Task item:
Only one span is wanted from the lines below: from the one with "Barattolo con Scritta" up to and including the one with "Dark Waves Designer-Wanduhr". Copy it exactly, without images.

Records for this exercise:
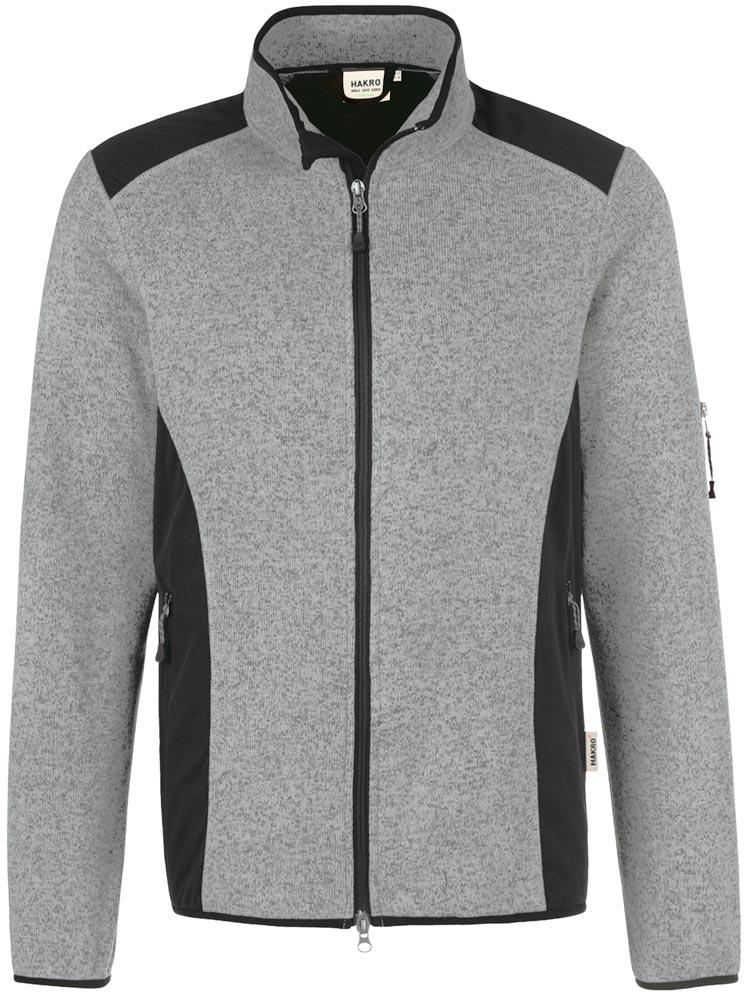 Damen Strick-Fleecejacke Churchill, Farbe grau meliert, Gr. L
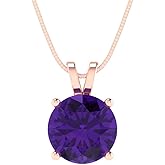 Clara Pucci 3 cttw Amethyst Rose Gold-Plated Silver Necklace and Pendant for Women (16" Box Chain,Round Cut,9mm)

...

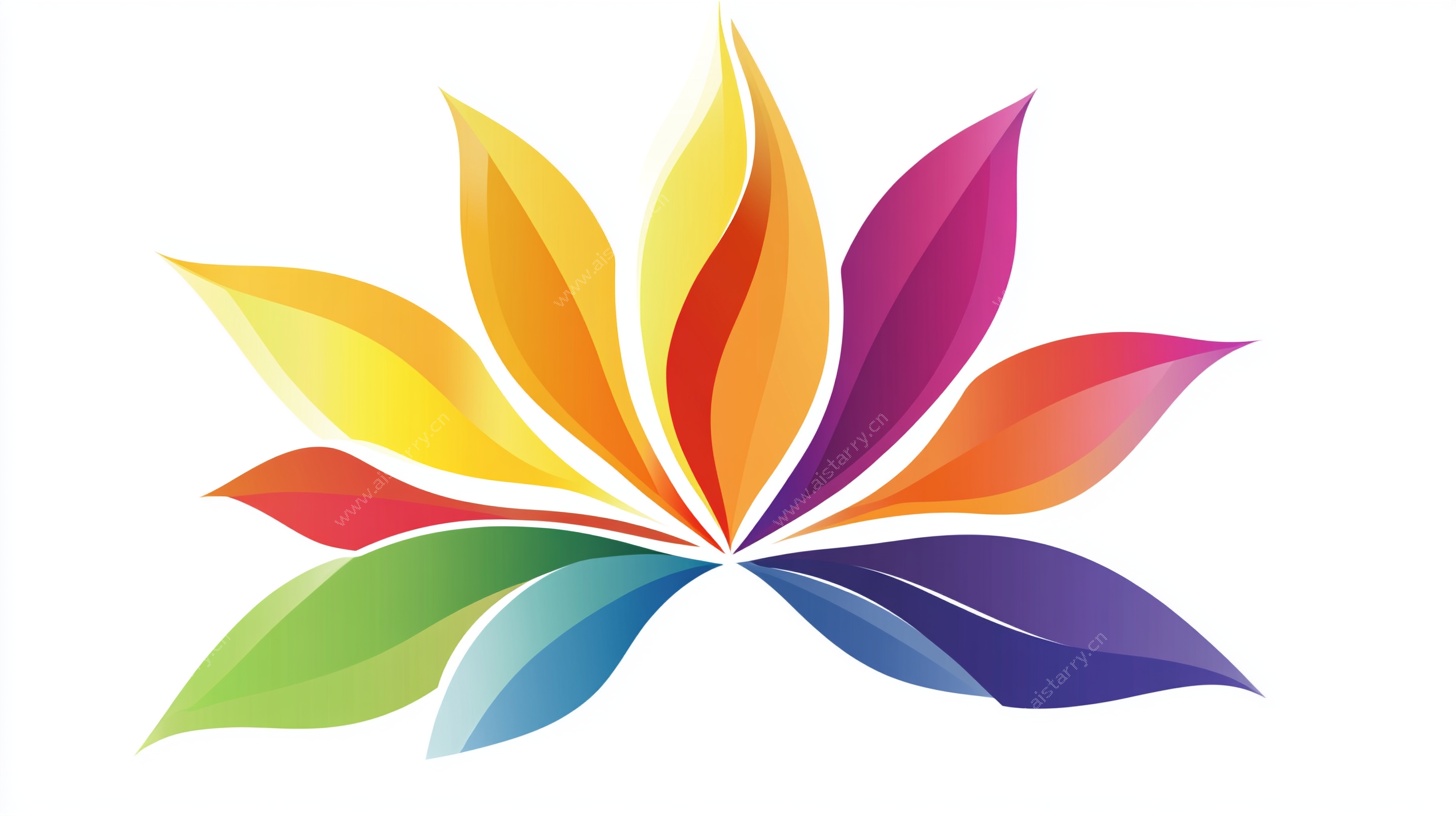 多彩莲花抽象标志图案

==

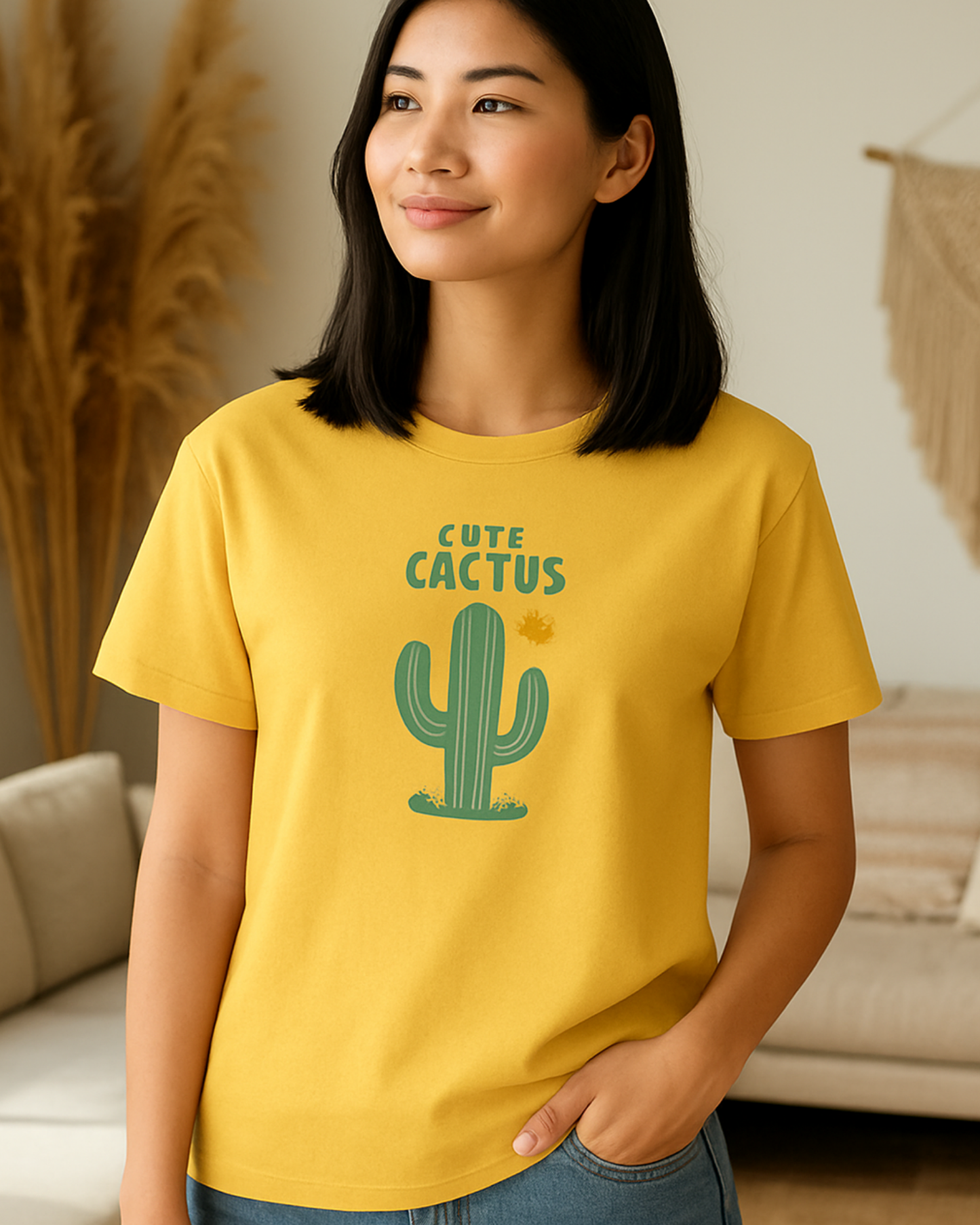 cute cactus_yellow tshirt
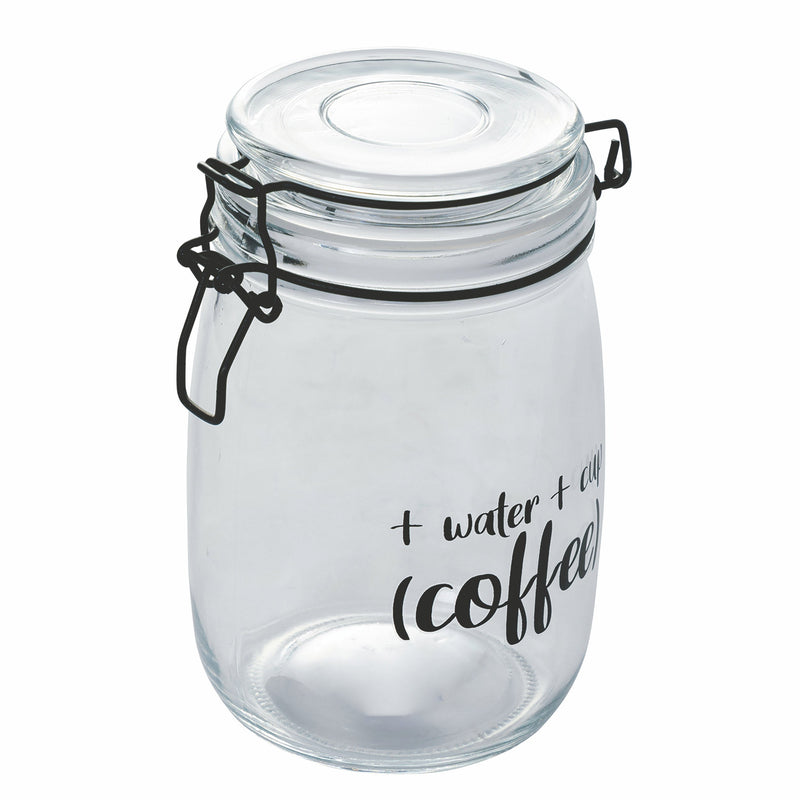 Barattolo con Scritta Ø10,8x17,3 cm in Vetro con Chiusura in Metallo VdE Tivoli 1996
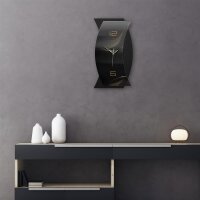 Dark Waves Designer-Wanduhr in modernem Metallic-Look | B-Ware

Response:
 Barattolo con Scritta Ø10,8x17,3 cm in Vetro con Chiusura in Metallo VdE Tivoli 1996
 Dark Waves Designer-Wanduhr in modernem Metallic-Look | B-Ware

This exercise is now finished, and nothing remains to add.